Well, I can vouch for the swans since the driver sometimes tells us passengers what's happening, though when it's a sheep it's not usually considered exciting enough to interrupt the conversation. Swans tend to see the track as their own airport runway and like to take off from it. What sheep, deer , cattle and an alarming number of dogs and cats are doing is unclear or, come to that,  the red panda seen in Rotterdam racing along the line. Best of all was the kangaroo seen just south of here a few months ago. Too fast to catch, he was finally beaten by the clients of the Spoorzicht ( Railway view) Cafe … they lassoo-ed it.
 ( with thanks to Saturday's De Volkskrant. )

Wednesday 21 November 2018

Free-Space


Thanks to Free-Space*, I've got two tea-bag size bruises, one on each knee.

Like everywhere else our town is evolving. The old library , together with the equally old bank building behind it, is becoming an off shoot of Groningen University, something to do with commerce or tourism , I think, and once the builders have gone will have students running up and down the steps all day. So recently the streets and spaces around have been reorganised. Buses, cars and delivery vans still use them … and so do people both on and off bikes. But FREELY!  No more white lines or traffic lights, no boring traffic signs .

The traffic, apart from buses, can drive in the general direction of  its destination as long as it looks where it's going. And that's where I and a young girl went wrong. Both trying to go along the top of the bridge in a hurry but in different directions , we collided. Mind you, she wasn't to know that I'd just come back from England where everybody'd been driving on the other side of the road or that I'm not really fit to be let out alone on wheels at the best of times. Anyway, a nice young man picked us both up and we both hobbled off. And  I'm going back to cycling through the red light district again; it's much easier to navigate during the day.
* Officially called Shared Space, apparently.
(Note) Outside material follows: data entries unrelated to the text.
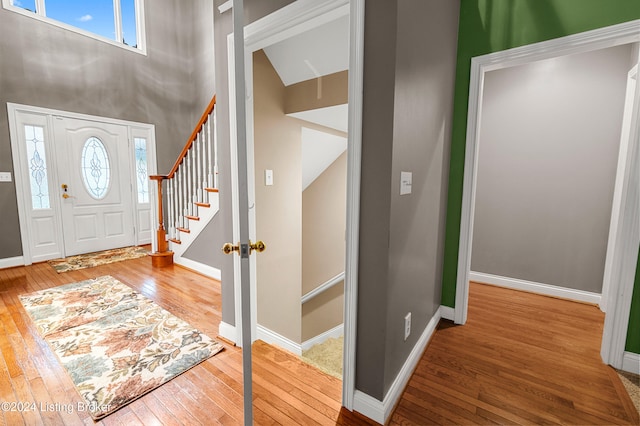 foyer entrance with lofted ceiling and hardwood / wood-style flooring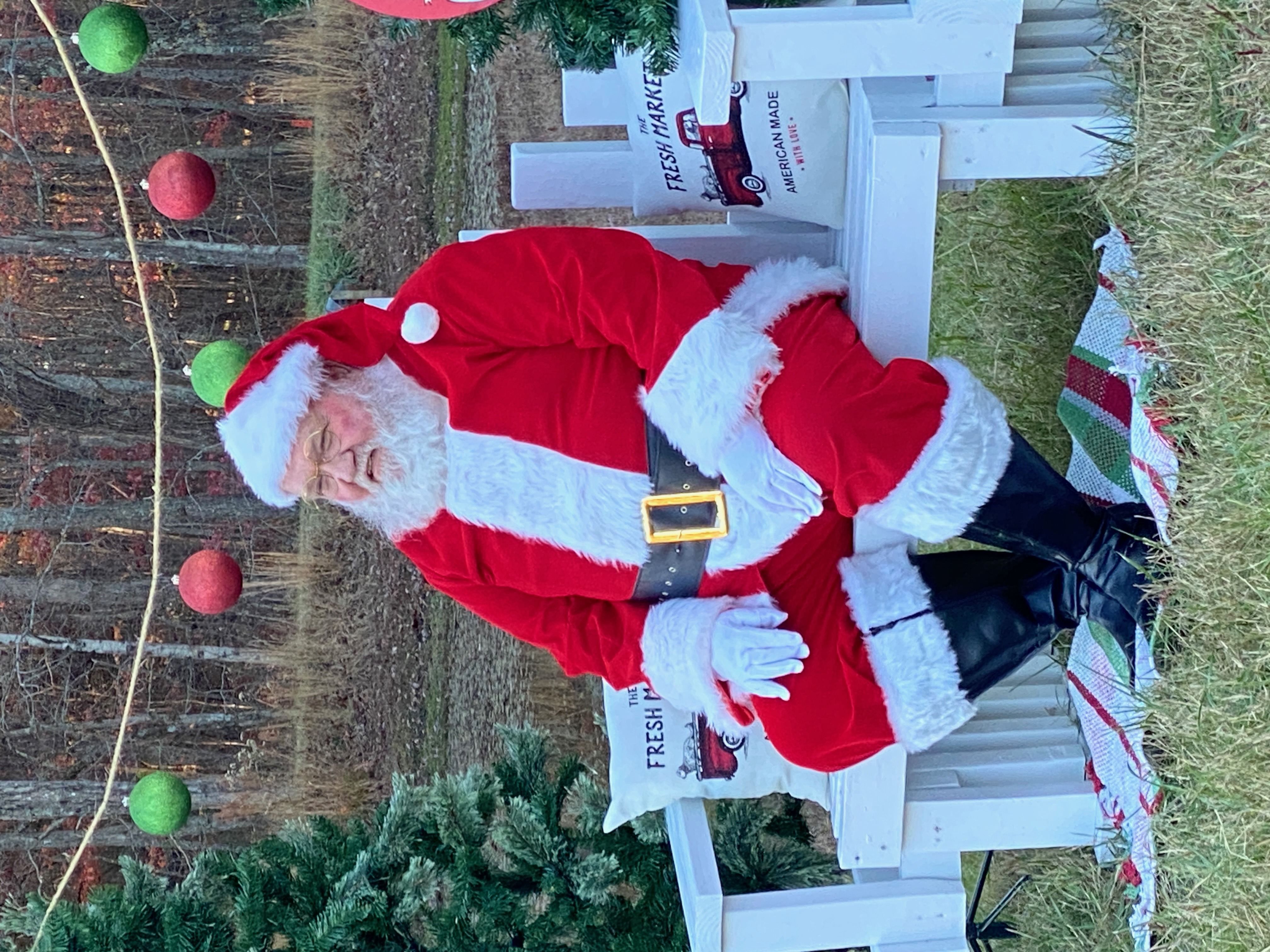 Santa Michael seated on a white bench outdoors under strung red and green ornaments, autumn trees behind him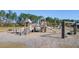 Wooden playground structure with slides, climbing features, and swings at 314 Black Birch Dr, Summerville, SC 29486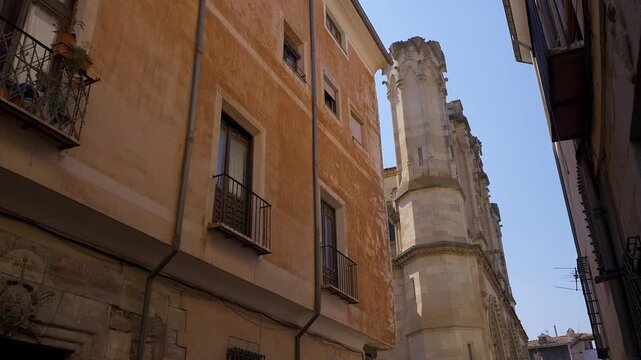 Narrow street beside Plaza Mayor with historic facades in the old town of Cuenca Spain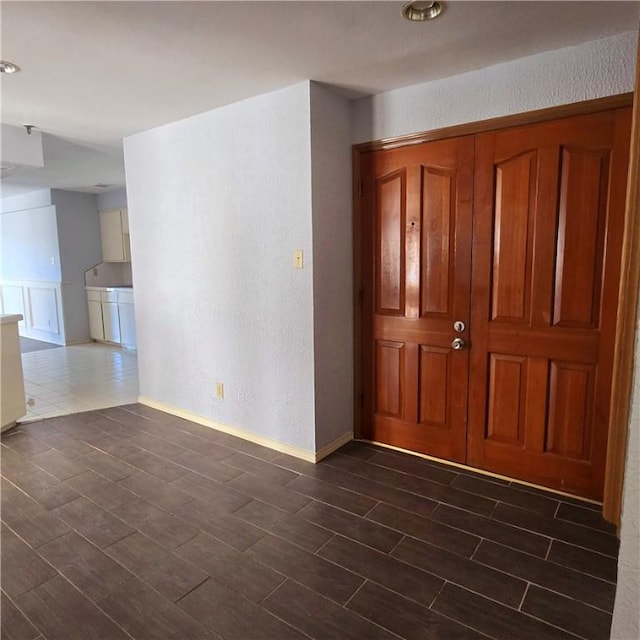 entryway featuring wood tiled floor and a textured wall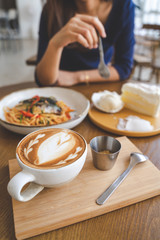 Chilling day of happy woman in coffee cafe shop with hot latte and sweet white cake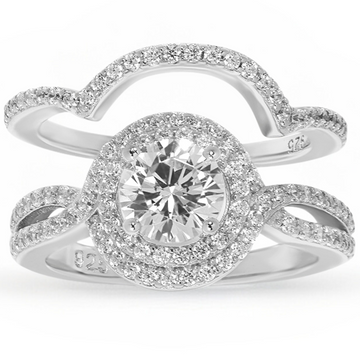 Features a 1-carat round cut center stone
Surrounded by an intricate double halo set in a stunning infinity band
Sterling silver and plated in Rhodium
Available in sizes 4 through 12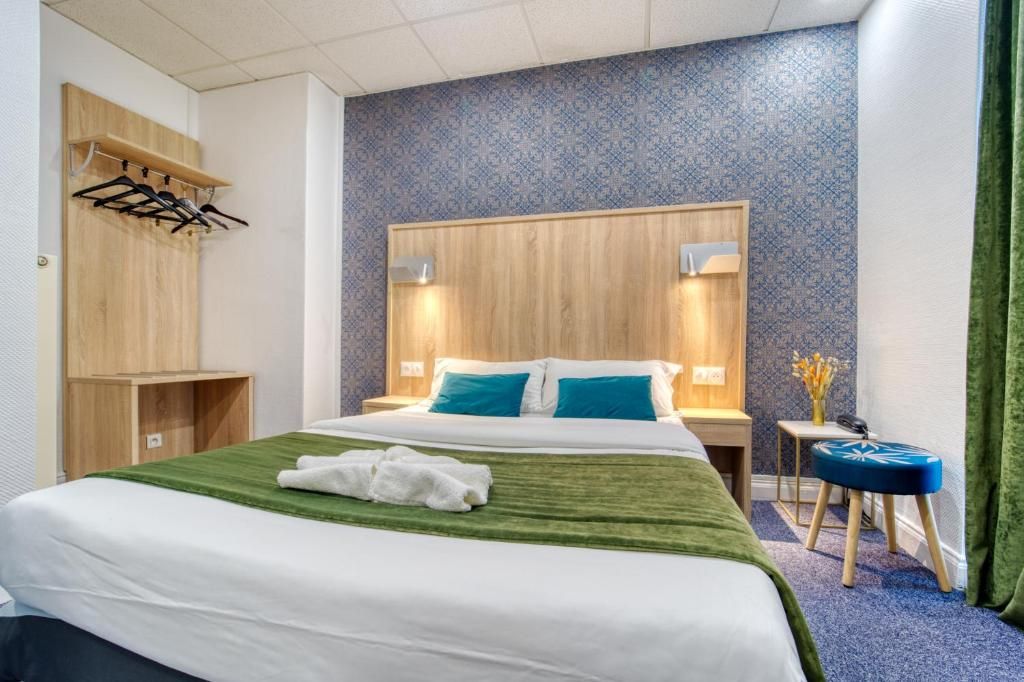 A hotel room with a bed, a wooden headboard, a nightstand, a small table with a vase, and a green curtain.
Since it's suddenly winter and nearly freezing, I'm back to cooking industrial quantities of baked apples and the flat smells of cinnamon, I've hauled out the Annual Scarf … well, the Triennial scarf actually since it's been on the needles for ever … and Masterchef and Strictly Come Dancing are on television again. I can't watch one more young chef forget how to make Beef Wellington when watched by Marcus Waring … I can do that myself.  And it's easier to cherish the belief that I can tango when not actually watching people doing it.

Thank heaven for Netflix.

Friday 9 November 2018

Remembering ....

When I was little, the occasional riotous behaviour of my father and uncles and their friends seemed rather fun and I used to feel sorry when Granny  and the aunts would look disapproving. It's only years later that I realise just how much all these young men spent their twenties putting themselves back together again after the war.

I've recently read my eldest uncle's diary, in which he describes how he found himself catapulted into the war and how, at first, being at war just meant scrubbing a decidedly scruffy boat from one end to the other endlessly. His main worry was how his mother would cope without his wages, which helped her feed and clothe his younger brothers and sisters. That it would be years till he found himself at home again never occured to him or that he'd be at sea, in one way or another, till his sixties.

 Much as I loved him, Matthew was no literary giant and the diary wasn't an easy read but a lot was fascinating. If nothing else it explained his lifelong reluctance to bow to authority.

He mentions their attempt at tailing the Graaf Spee and how it was perhaps as well that they never got too close given that their 6 inch guns had been installed in 1901 and definitely not up to the fire power and range of any modern ship. Perhaps it was just as well that my grandmother didn't know anything about what exactly her eldest son was up to just then. Never one for quietly accepting her fate, or anyone else's, she'd have been banging on the Admiralty doors, demanding better arms for them all at the very least.